* **Supplied data**
====================

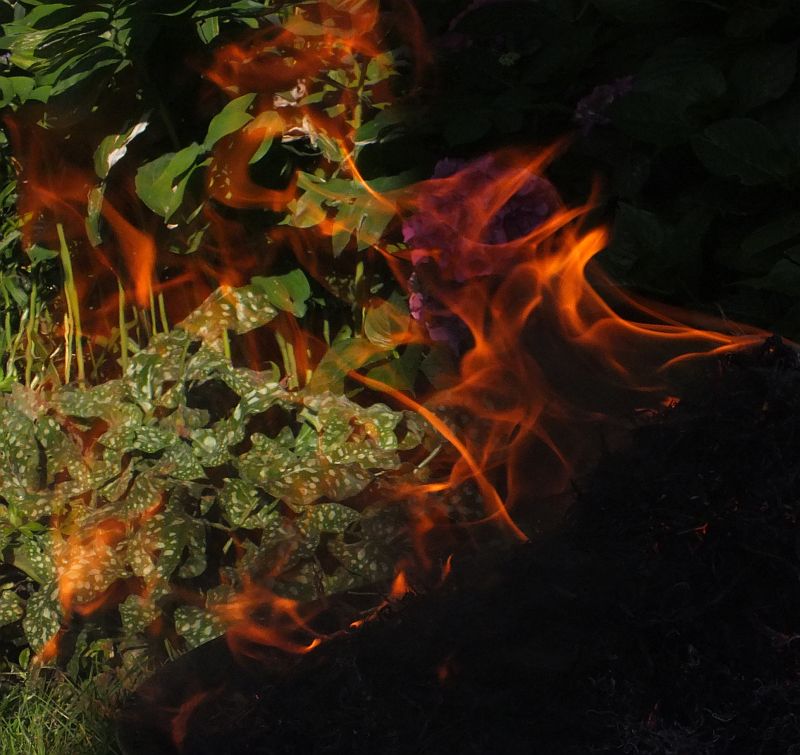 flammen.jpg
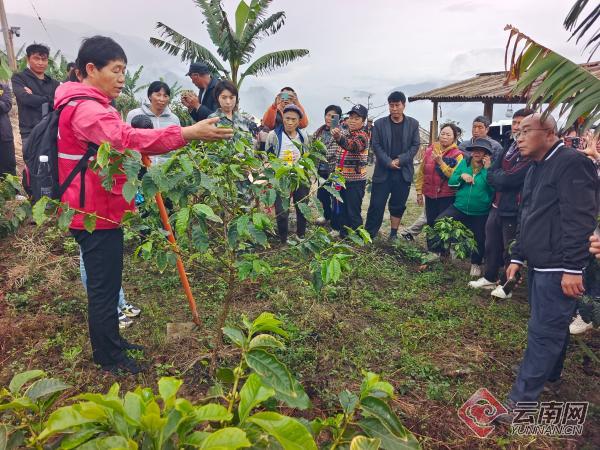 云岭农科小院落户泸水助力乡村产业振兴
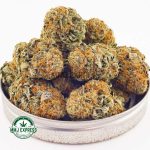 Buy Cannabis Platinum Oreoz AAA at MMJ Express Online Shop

====================

Only the pictures are to be left out, and all of the data must otherwise be transcribed exactly.

 flammen.jpg
 云岭农科小院落户泸水助力乡村产业振兴
 Buy Cannabis Platinum Oreoz AAA at MMJ Express Online Shop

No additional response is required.